ASSIGNMENT :: Return, from the lines below, each one that includes the word "with".

[ENTRIES PROVIDED Boundary: Start]

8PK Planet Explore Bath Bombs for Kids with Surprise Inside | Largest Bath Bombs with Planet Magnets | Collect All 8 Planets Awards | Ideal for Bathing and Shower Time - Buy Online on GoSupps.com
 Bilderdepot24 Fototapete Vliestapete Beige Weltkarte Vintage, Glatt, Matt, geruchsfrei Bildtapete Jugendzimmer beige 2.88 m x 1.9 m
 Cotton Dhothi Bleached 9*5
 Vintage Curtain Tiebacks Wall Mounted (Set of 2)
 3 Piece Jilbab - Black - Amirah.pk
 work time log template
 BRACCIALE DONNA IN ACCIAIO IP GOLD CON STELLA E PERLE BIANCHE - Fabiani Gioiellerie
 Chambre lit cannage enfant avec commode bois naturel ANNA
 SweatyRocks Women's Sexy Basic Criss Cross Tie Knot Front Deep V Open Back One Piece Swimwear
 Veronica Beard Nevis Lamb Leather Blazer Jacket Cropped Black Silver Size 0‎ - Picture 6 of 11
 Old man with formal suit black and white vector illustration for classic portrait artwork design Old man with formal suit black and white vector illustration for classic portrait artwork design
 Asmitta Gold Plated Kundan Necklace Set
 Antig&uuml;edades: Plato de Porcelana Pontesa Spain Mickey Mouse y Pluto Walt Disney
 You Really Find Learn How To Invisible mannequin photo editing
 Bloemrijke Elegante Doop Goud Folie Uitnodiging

[ENTRIES PROVIDED Boundary: End]

WRITTEN ANSWER ::
8PK Planet Explore Bath Bombs for Kids with Surprise Inside | Largest Bath Bombs with Planet Magnets | Collect All 8 Planets Awards | Ideal for Bathing and Shower Time - Buy Online on GoSupps.com
 Old man with formal suit black and white vector illustration for classic portrait artwork design Old man with formal suit black and white vector illustration for classic portrait artwork design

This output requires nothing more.